Law for Prevention of Damage to State of Israel through Boycott (חוק למניעת פגיעה במדינת ישראל באמצעות חרם, התשע"א-2011), also commonly known as the (Anti-) Boycott Law, is an Israeli anti-BDS law enacted in July 2011 and partially stricken down by the Supreme Court in 2015.

== Legislative history ==
On 5 July 2010 a private bill was introduced into the Israeli parliament, the Knesset, sponsored by Knesset members Ze'ev Elkin and Dalia Itzik and a group of members from Likud, Shas, Yisrael Beiteinu, United Torah Judaism and the National Union. The bill distinguished between three types of boycotts: A boycott imposed by a resident or citizen of Israel, a boycott imposed by a foreign resident or citizen, and a boycott imposed by a foreign political entity through a law enacted by the foreign political entity. The proposal stated that such a boycott is a civil wrong and a criminal offense punishable by a fine. After debate in a Knesset committee, the bill was changed to remove any criminality, i.e. it only provides for civil penalties, and to allow it to apply to anyone regardless of the nationality of the person who publicizes the boycott. The revised bill was published on 2 March 2011. It was approved by the Knesset on 12 July 2011 with the vote 47–38, with opposition factions voting against the bill. Prime Minister Benjamin Netanyahu and another 10 ministers, including Defence Minister Ehud Barak, were absent during the voting.

Opponents of the law argued that it violated the principle of freedom of expression. The supporters of the bill, led by Netanyahu, contended that the law doesn't and only prevents harmful actions being taken against the State of Israel or its citizens.

== The law ==
The law states that individuals or organizations who publicize a call for an economic, cultural or academic boycott against a person or entity merely because of its affiliation to the State of Israel and/or to an Israeli institute and/or to a specific region under Israeli control, may be sued civilly, in tort, by a party claiming that it might be damaged by such a boycott.
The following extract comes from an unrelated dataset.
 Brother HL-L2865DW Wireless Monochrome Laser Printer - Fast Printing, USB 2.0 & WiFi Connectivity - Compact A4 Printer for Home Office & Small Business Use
The law also allows Israeli authorities to deny benefits from individuals or organizations – such as tax exemptions or participation in government contracts – if they have publicized a call to boycott and/or if they have obligated to participate in a boycott. All sections took effect on 13 July 2011, except for section 4 (withdrawing state benefits) which took effect on 11 October 2011. The law was temporarily frozen by the Supreme Court between 2012 and 2015.

In the 2015 landmark decision Avneri v. The Knesset, the Supreme Court of Israel unanimously struck down section 2c of the law (which permitted the imposition of compensation payments even if no damages were proven), ruling that it was unconstitutional. The law's other provisions were upheld by the Court in majority decisions ranging from 9–0 to 5–4.

== Reaction to the law ==
The law has been condemned as a violation of freedom of expression, "deeply undemocratic", widely criticised in the Israeli media, and "three dozen" eminent law professors have described it as unconstitutional.
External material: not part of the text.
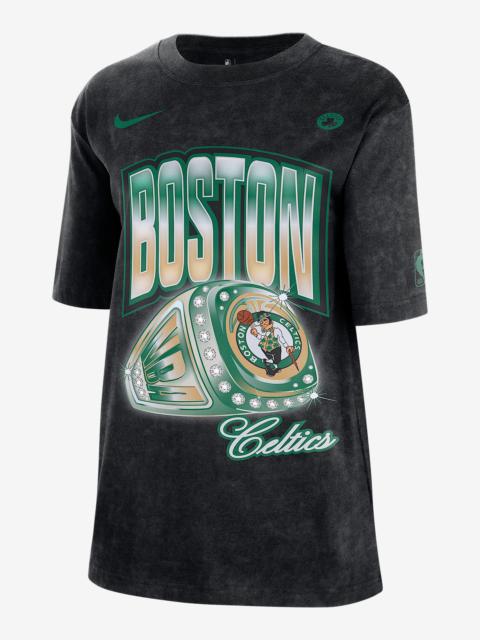 Boston Celtics Courtside Women's Nike NBA T-Shirt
After the law was enacted, a number of Israeli civil rights groups declared that they would legally challenge the law by petitioning the Supreme Court of Israel. The Association for Civil Rights in Israel claimed that the law is "unconstitutional and anti-democratic" and sets a bad precedent. Gush Shalom, Adalah, Physicians for Human Rights, the Public Committee Against Torture in Israel and the Coalition of Women for Peace – said that they would join legal challenges. On 12 July 2011, Gush Shalom was the first to lodge a petition against the law.

NGO Monitor has said that the law is not "the appropriate means to combat the BDS movement."
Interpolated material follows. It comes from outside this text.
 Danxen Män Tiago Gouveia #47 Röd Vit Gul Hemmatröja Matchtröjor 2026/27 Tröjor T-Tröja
The Supreme Court of Israel upheld the law, but struck down provisions allowing compensation without proof of damages.

=== Application ===
The first lawsuit filed under the law was in 2018 by Shurat HaDin, an Israeli civil rights group, claiming $13,000 in "emotional damages" on behalf of three Israeli teenagers who had bought tickets for a show that was cancelled after a call to boycott. It was the first time to have been successfully applied, due to the difficulty of proving a direct link between a call to boycott and any actual damage caused by it.

In October 2018, the Jerusalem Magistrate's Court ruled in favor of the plaintiffs and ordered that the two New Zealand activists pay NIS 45,000 ($12,300) in damages to the plaintiffs' "artistic welfare", and court fees. The activists claimed the case "has no legitimacy" and refused to pay.

In 2021, the law was relied upon in a decision by the Israeli Supreme Court which upheld a 2018 prohibition enacted by the Knesset Ethics Committee on Knesset Member Yousef Jabareen; Jabareen was barred from traveling to the U.S. for a lecture tour on account of his intended tour being sponsored by Jewish Voice for Peace, a pro-BDS organization.